Martin Scorsese's decision to helm the 3-D adaptation of Brian Selznick's Caldecott-winning novel The Invention of Hugo Cabret seemed an odd and possibly addled one at first blush. But look at Scorsese's filmography sideways and this august director's late-career digression into family-friendliness makes a strange sort of sense, for beneath the blood and unpardonable French of films like Goodfellas and Cape Fear and Casino, one finds a freewheeling and wide-eyed reverence for the antic, the cartoonish, the downright silly. (Two words: Joe Pesci.)

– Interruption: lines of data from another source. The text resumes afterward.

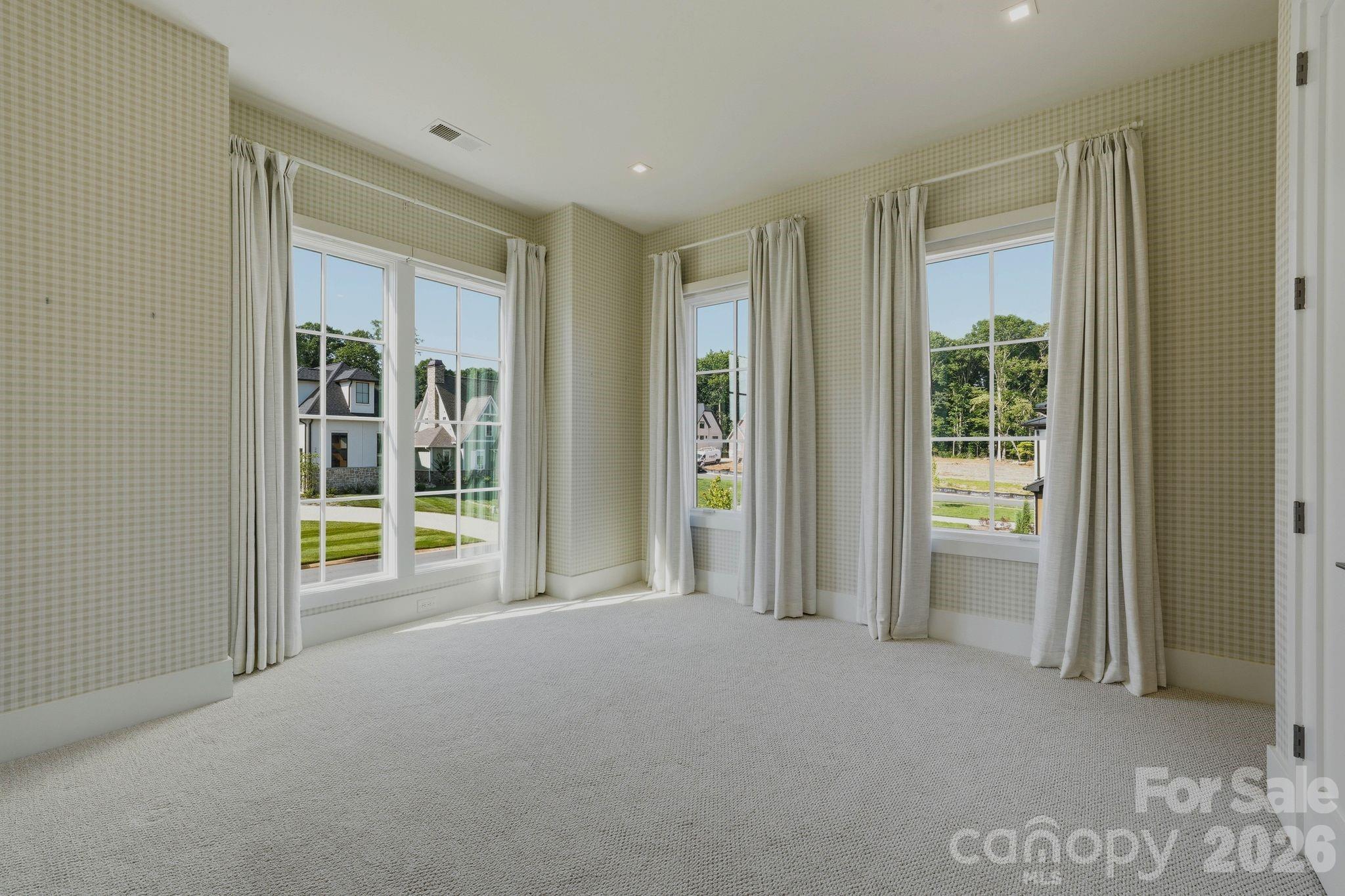 Twin Lakes - Residential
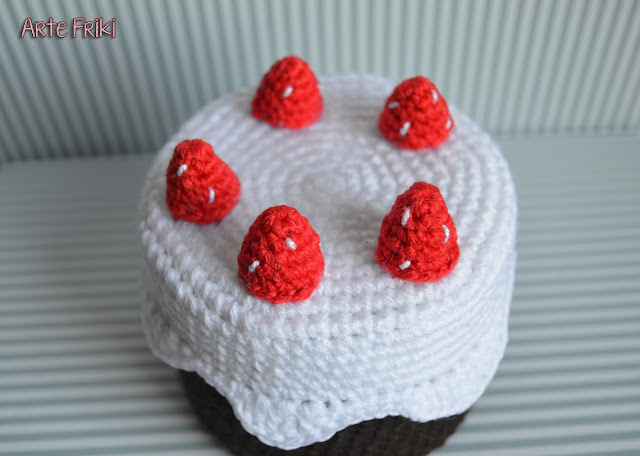 tarta amigurumi patron gratis cake amigurumi free pattern sweet dulces crochet ganchillo reposteria cumpleaños birthday videotutorial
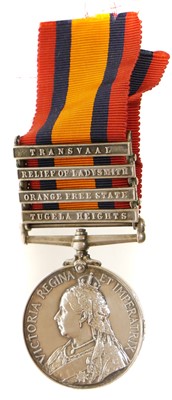 Lot 409 - Queen's South Africa medal with four clasps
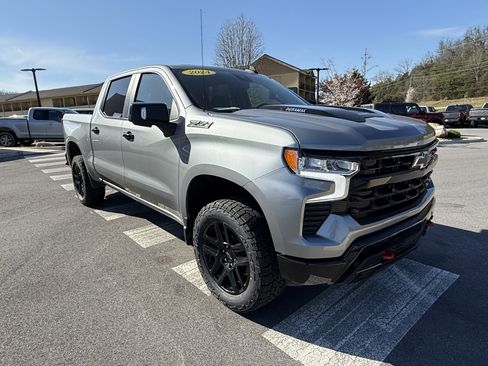 Used 2024 Chevrolet Silverado 1500 LT Trail Boss w/ LT Trail Boss Premium Package AWD/4WD image 3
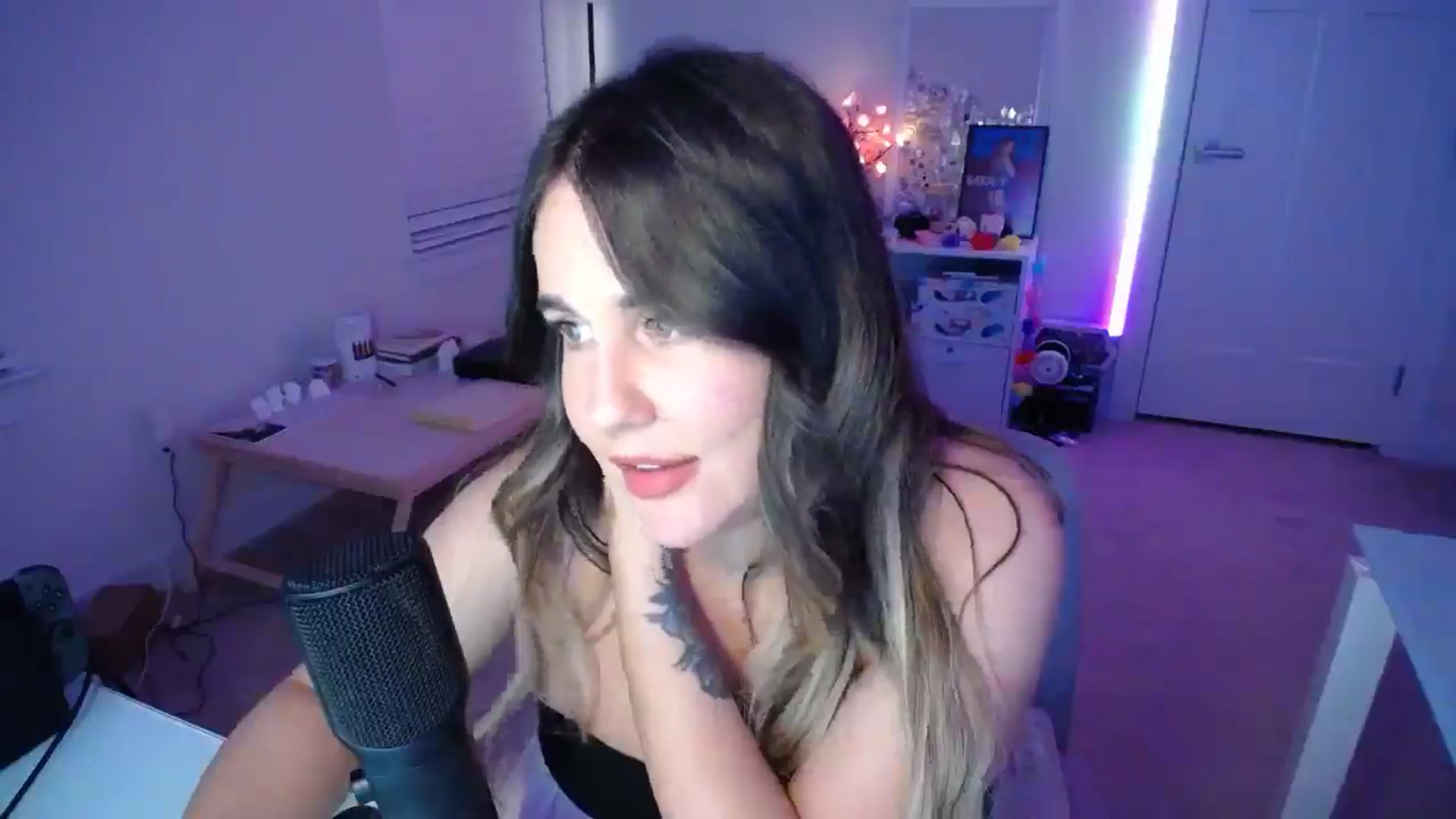 Gallery image thumbnail from Scout's myfreecams stream on, 12/02/2025, 03:16 image 14 of 20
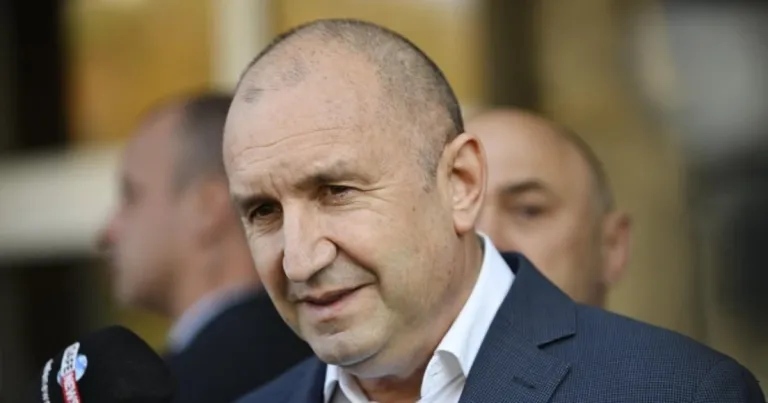 МС сваля публикациите за брифинга на Радев от сайта и Meta МС сваля публикациите за брифинга на Радев от сайта и Meta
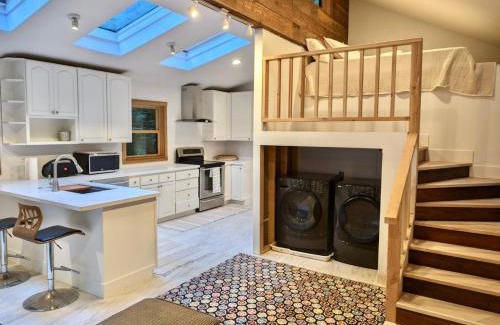 La Selva Beach House | Casalarada - House by the Creek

But Hugo, it turns out, is a fairly downbeat affair, and although it does offer Scorsese the opportunity to play with his inner scamp—a nut-shot joke here, a running gag involving a snappish dog there—Selznick's flight of quasi-fictional fancy provides Scorsese with the raw material for an unexpectedly moving meditation on that most tragic of facts: getting old. The result is Scorsese's strongest non-documentary work since Casino.
Set in a vivid version of 1930s Paris so edibly adorable it might as well have been born in a crocodile tear sliding down Amélie's pristine cheek, Hugo drapes its bittersweet study of broken dreams over a plot of fairy-story simplicity. The titular pipsqueak (played by extra-terrestrially cute Asa Butterfield) is an orphan living inside the rather capacious walls of a sprawling train station patrolled by a guttersnipe-hunting station guard (Sacha Baron Cohen) and enlivened by a Tati-esque flow of murmuring humanity. When he's not busy tinkering with the station's clocks or pilfering food beneath his nemesis' nose, Hugo devotes himself to fixing his inheritance, a busted automaton rescued from museum storage by Hugo's recently deceased pop.

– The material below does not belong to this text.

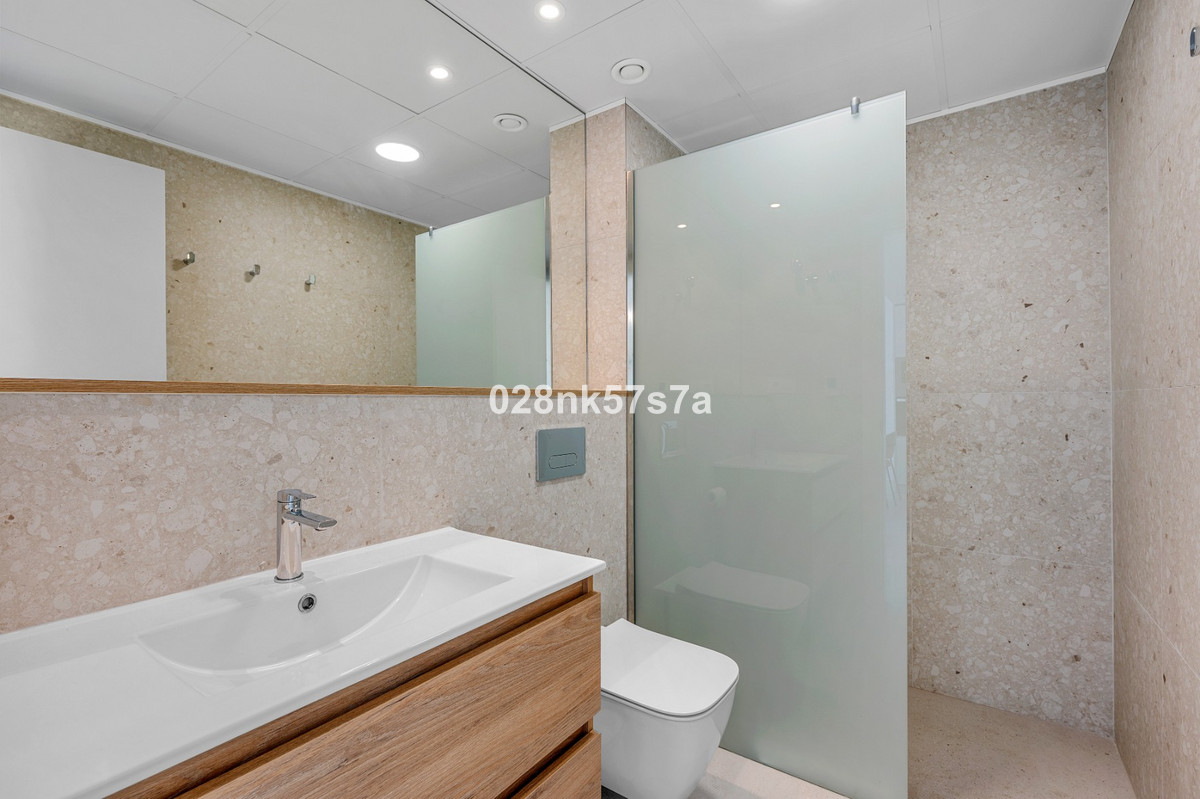Se vende Apartamento Planta Baja de 2 dormitorios en Costa Blanca, Alicante, España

Hugo's quest to solve the complexity of the robot's inner workings leads him into a fraught friendship with toy shop proprietor Georges (Ben Kingsley), which in turn reveals the film's delightfully surprising (to me) project: a brief and enchanting history of one of early cinema's most renowned conjurers. But I will say no more about that. If you are unfamiliar with the finer points of Selznick's historical fiction, I suggest you stay that way, because Scorsese pulls off a few wonderful tricks with Hugo. It is a film populated by uncanny visions—dreams, films, dummies, trompe l'oeil expanses—and resonant with wonder, dolor and regret. The message: life, though brief, admits of magic. The messenger: a master magician still. PG.
SCORE: 80
SEE IT: Hugo opens Wednesday, Nov. 23, at Cedar Hills, Clackamas, Eastport, Cinema 99, Bridgeport, Division, Evergreen, Lloyd Center and Sherwood.